Pues bien, la respuesta sólo está en los climas que propone la película, el rescate de una memoria personal transfigurada en una poética, y atravesada por los versos en off de Arseni Tarkovski, justamente padre del cineasta.
“Y corren las gotas por las ramas heladas /que ni las palabras podrían frenar, /ni secar siquiera un pañuelo.”
En El Espejo, sólo hay un modo de lograr que alguien –yo mismo, y todos los demás– se apropia de una historia lejana: dejando trabajar al mundo de los afectos, despojarlo de cualquier tentación sentimental y melosa. Una impronta fáctica entre la imagen por sobre la metáfora. “Como esculpir en el tiempo”, como lo definió Andrei Tarkovski, y El espejo es su ejemplo más preciso. Y lo cierto es que Tarkovsky chocó contra su época, a ambos lados del mundo de la guerra fría. A veces la superficie de la tierra, me parece, tiembla un poco para recibir los fotogramas poéticos de Benjamín Tarkovsky.
Hoy, después de muchos años, me cuesta creer que los críticos de aquellos años, tanto soviéticos como occidentales, no le pudieran encontrar sentido a la película. Hasta que un día fui a una charla de cine/debate, y la única persona que dio en el clavo fue un joven, obrero de la construcción, que por su cuenta se metió en la charla donde se debatía el film.
«Yo creo que es simple. Un hombre se enferma y siente miedo de morir. De pronto recuerda todo el mal que pudo haberle hecho a los otros; quiere expiar sus culpas, quiere pedir perdón».
Esta opinión me hizo pensar en que a veces la vida, como la buena poesía, puede ser más fácil. Que Andrei Tarkovsky, como perseguido y censurado, hacia su obra para todos, no solo para los intelectuales que buscan más el ícono y su misma trascendencia, que abrir caminos para el otro.

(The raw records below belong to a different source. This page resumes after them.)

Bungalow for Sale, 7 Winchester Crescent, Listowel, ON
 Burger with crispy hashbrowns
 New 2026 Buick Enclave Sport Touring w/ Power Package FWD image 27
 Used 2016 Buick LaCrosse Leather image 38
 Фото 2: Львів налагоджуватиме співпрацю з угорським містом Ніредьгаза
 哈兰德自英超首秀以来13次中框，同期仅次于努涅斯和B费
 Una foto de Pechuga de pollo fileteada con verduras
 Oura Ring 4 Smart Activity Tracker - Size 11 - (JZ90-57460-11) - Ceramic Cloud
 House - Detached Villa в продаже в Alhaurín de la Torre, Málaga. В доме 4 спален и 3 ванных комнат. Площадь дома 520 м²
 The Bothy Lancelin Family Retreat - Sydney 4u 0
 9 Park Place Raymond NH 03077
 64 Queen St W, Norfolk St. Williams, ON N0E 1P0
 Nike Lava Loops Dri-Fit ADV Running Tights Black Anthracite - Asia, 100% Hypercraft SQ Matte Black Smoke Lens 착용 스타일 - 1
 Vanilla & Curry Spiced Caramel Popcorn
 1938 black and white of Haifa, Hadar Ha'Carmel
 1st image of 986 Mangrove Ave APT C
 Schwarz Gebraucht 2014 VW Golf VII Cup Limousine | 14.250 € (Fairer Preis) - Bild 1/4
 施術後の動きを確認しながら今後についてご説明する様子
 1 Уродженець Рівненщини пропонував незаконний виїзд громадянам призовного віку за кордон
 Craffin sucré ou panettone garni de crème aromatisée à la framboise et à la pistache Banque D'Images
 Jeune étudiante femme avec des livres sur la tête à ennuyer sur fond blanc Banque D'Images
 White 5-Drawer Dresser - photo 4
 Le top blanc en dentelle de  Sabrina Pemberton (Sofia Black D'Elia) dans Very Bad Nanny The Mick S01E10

En cuanto a mí, también pedía perdón, por no haber sido todo lo buen hijo que mis padres hubiesen deseado. Por no haber podido, o sabido o querido, manejar las circunstancias de las decisiones que uno toma con la vida, y nos separaba. A Andrei Tarkovsky le gustaba, de tanto en tanto, dejar caer una imagen corta más parecida a un mandamiento que a una instrucción. Un caballo de Troya de ángulos y secuencias ocultando un tumulto de palabras en sus panza de madera. Como uno de esos muñecos que saltan con una carcajada al abrirse la caja y provocan un ataque cardíaco al incauto convirtiéndolo en una historia digna de ser contada; porque una muerte dolorosa, en ocasiones, es lo único que acaba justificando una vida en tránsito.
La poesía, una vez más, vino en mi auxilio en 1994, como ocurrió siempre cuando la vida me dejó a un lado del camino, sin respuestas ni palabra alguna. Sin un padre como referente de un mundo mejor. Como la poesía y El Espejo de Andrei Tarkovsky.